### Data shown:
━━━━━━

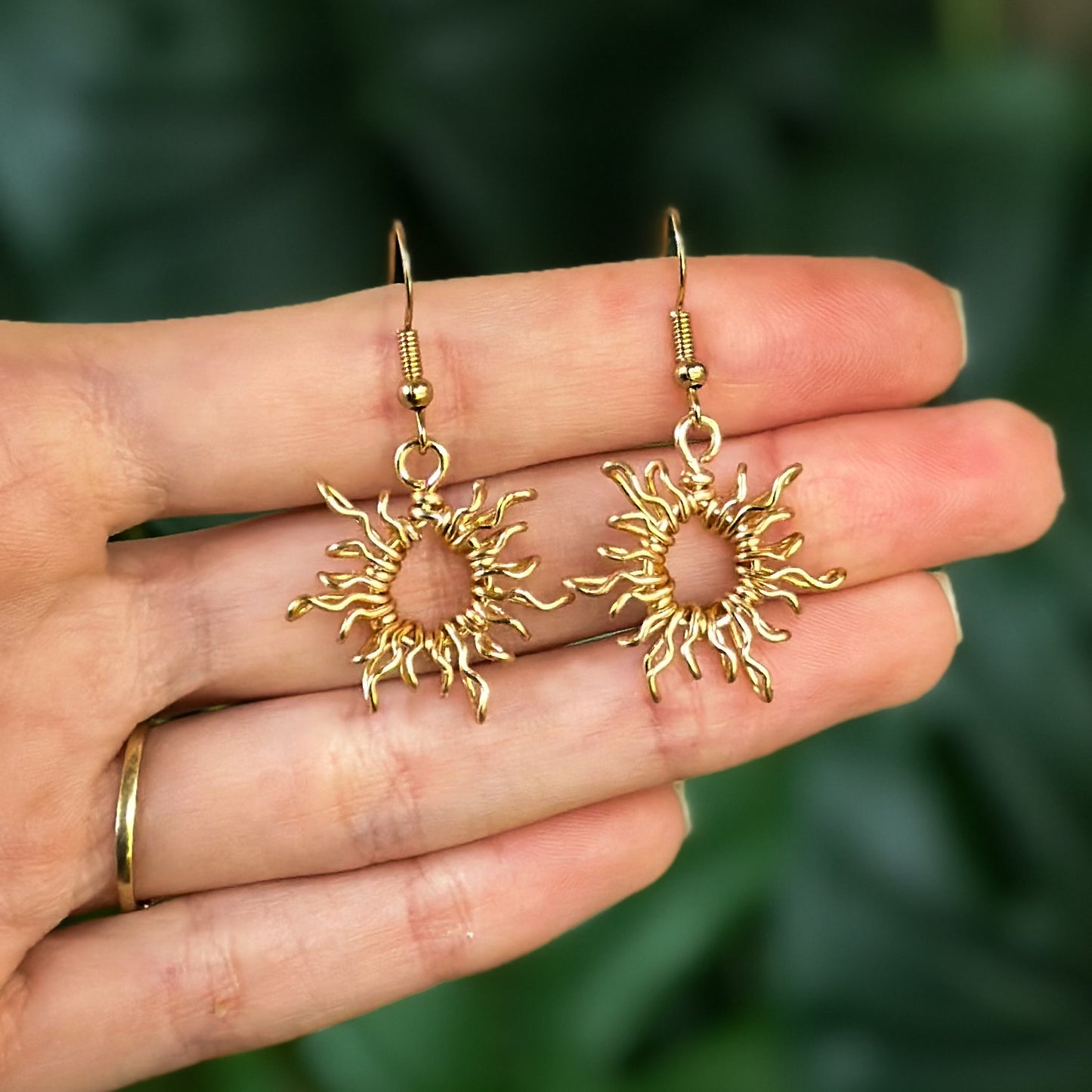 Sun Earrings | Gold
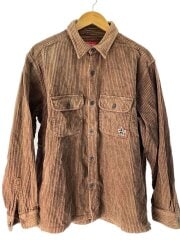 画像：長袖シャツ/L/コットン/BRW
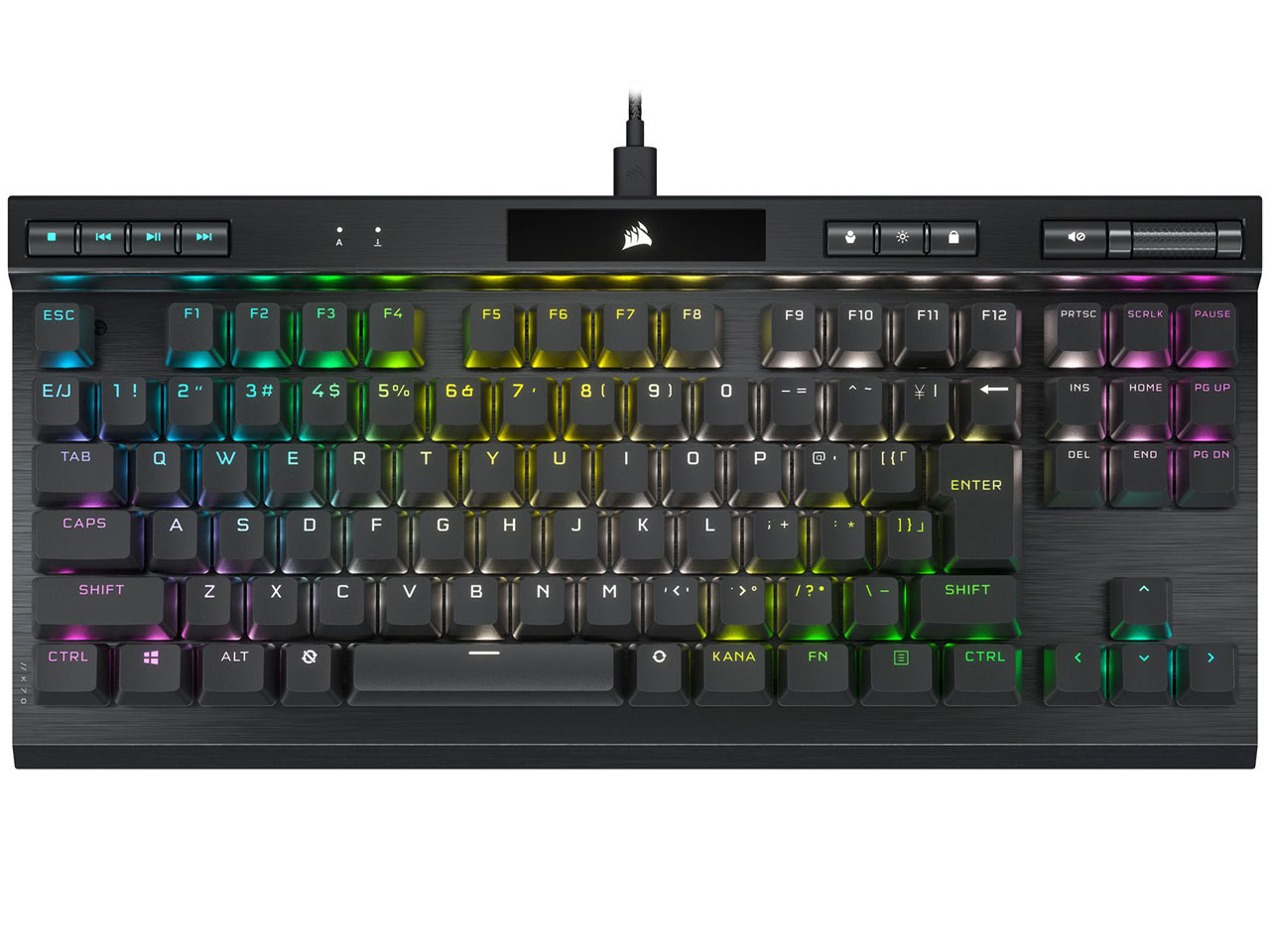 K70 RGB TKL CHAMPION MX RED CH-9119010-JP [ブラック]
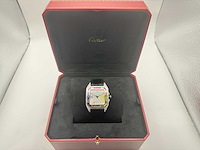 Cartier santos 100 medium | iced out naturel diamonds | 2025 - afbeelding 10 van  10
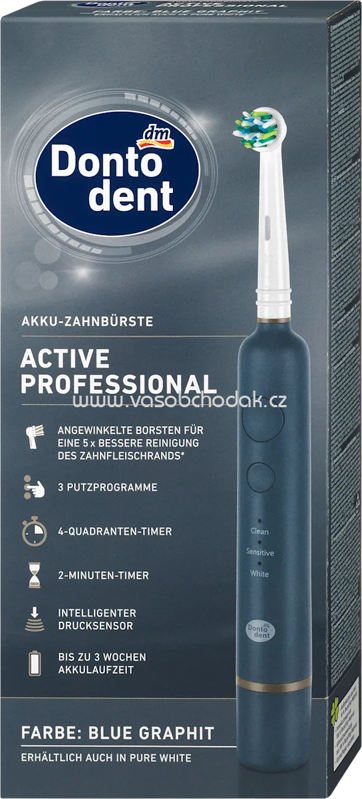 Dontodent Elektrische Zahnbürste Active Professional Pure, 1 St Dontodent Elektrische Zahnbürste Active Professional Pure, 1 St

━━━━━━

### About this task:
Only an exact copy of the records counts as an answer. Leave out the images.

### Result of this exercise:
 Sun Earrings | Gold
 画像：長袖シャツ/L/コットン/BRW
 K70 RGB TKL CHAMPION MX RED CH-9119010-JP [ブラック]
 Cartier santos 100 medium | iced out naturel diamonds | 2025 - afbeelding 10 van  10
 Dontodent Elektrische Zahnbürste Active Professional Pure, 1 St Dontodent Elektrische Zahnbürste Active Professional Pure, 1 St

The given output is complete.